Slowly, through Mute Comp, Ravnhøj discovered that he didn’t have to choose. Because their new company didn’t fit into any existing Danish performance genre, they originally made up their own: Glaubhafttanz, which roughly translates from German into ‘reliable dance’.

But over the past 15 years, contemporary dance has better established itself in Copenhagen. In 2008, Carlsberg agreed to lease its old mineral water factory to two dance troupes as a comprehensive rehearsal and performance space.

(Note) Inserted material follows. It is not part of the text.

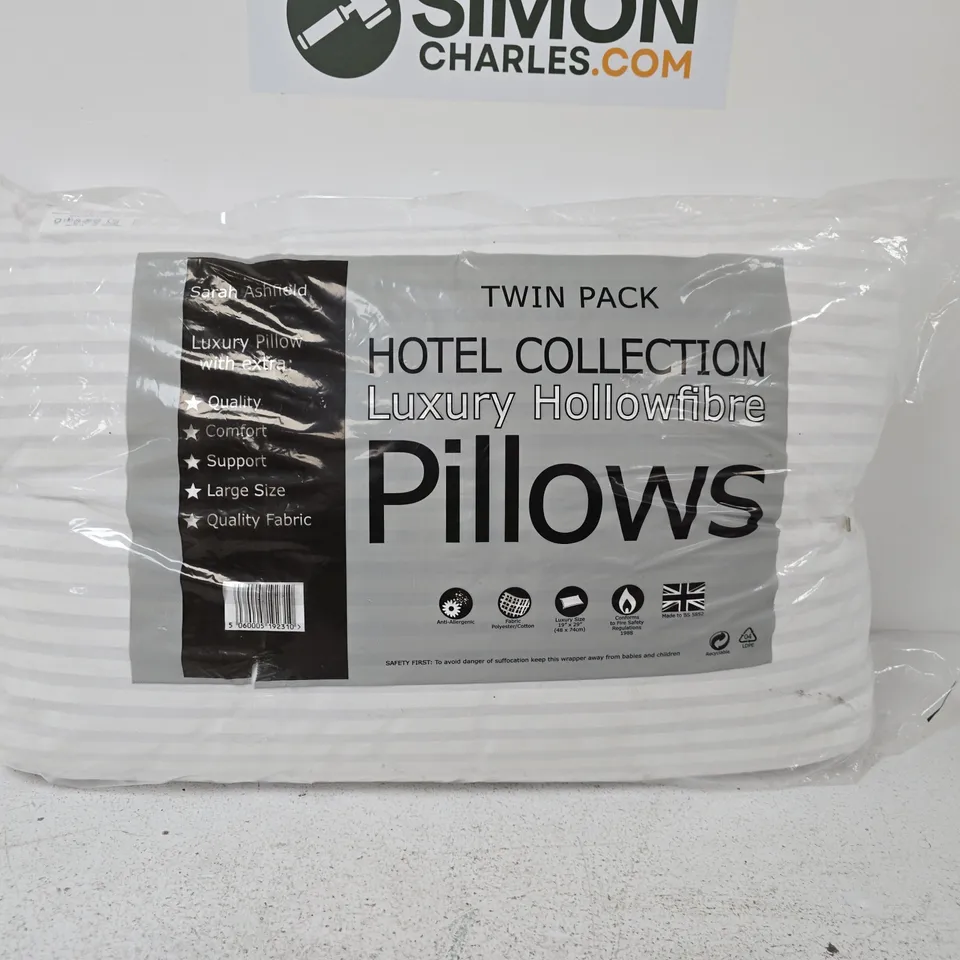 TWIN PACK HOTEL COLLECTION LUXURY HOLLOWFIBRE PILLOWS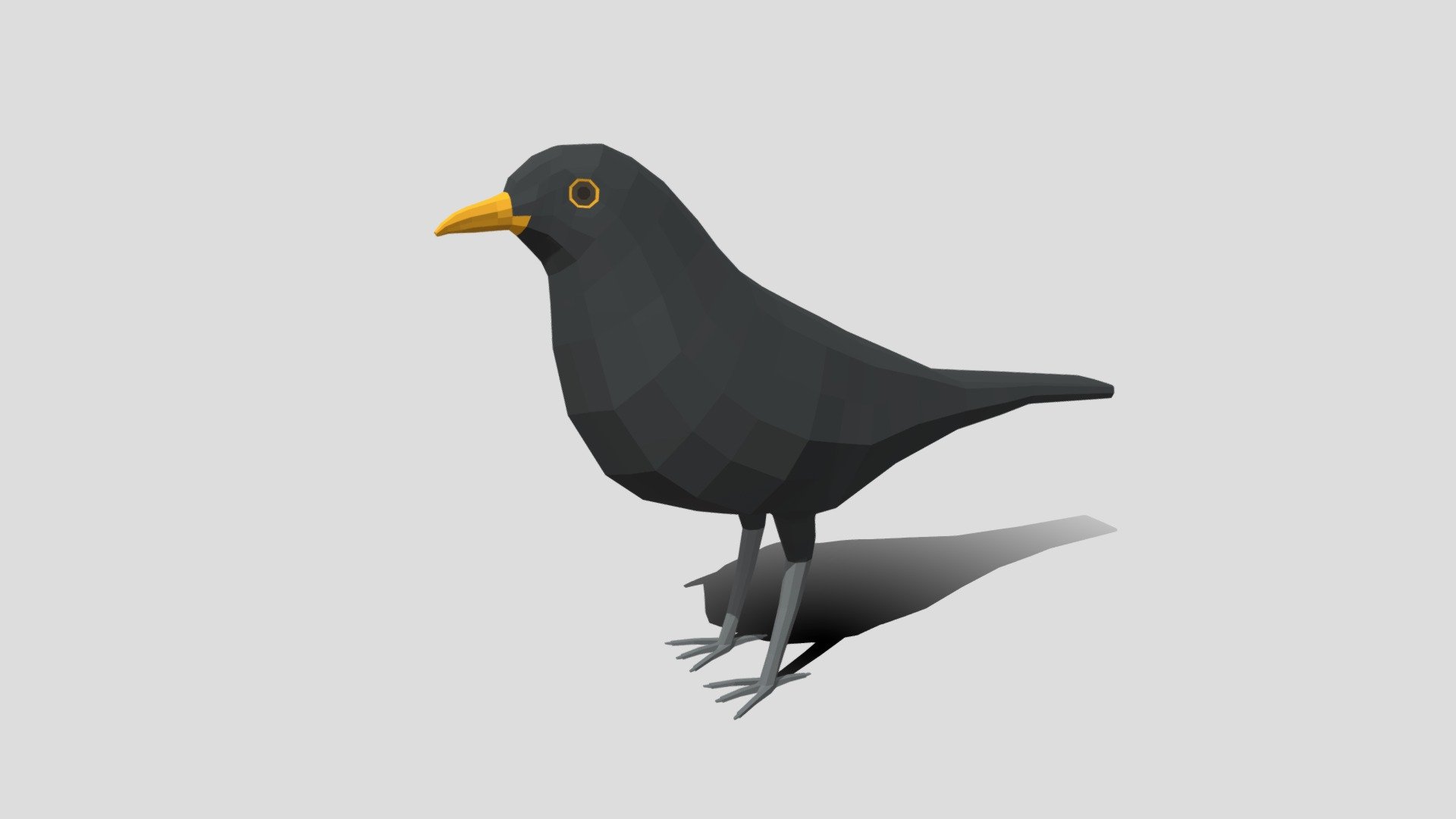 Low Poly Cartoon Blackbird 3d model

Today, Dansehallerne “gathers all the main players and areas in the field of contemporary dance in Denmark,” including Mute Comp, according to its website. 

Changed for the better

According to Ravnhøj, a more established contemporary dance scene means that Mute Comp doesn’t have to fit into a box anymore, and now that it is supported by the Danish Arts Agency, the work is the focus, not the audience. 

“I never think that I will do a dance production,” he says. “It just ends up being one … [I decide] I want to be in Studio 5 with these five people, and eventually art comes out.”

Still, even in a state of relative comfort, Ravnhøj feels the pressure of being a lifelong performer, which seems to be expressed in his constant movement. “I’m lucky that I’m paid to just dance every day,” he says. “But my alternatives are dishwashing … I’m an artist, but I must make art so I can live.”

Mute Comp Physical Theatre’s ‘Plum Wine, Highway, Lemon,’ with choreography by Ravnhøj, opens on May 30.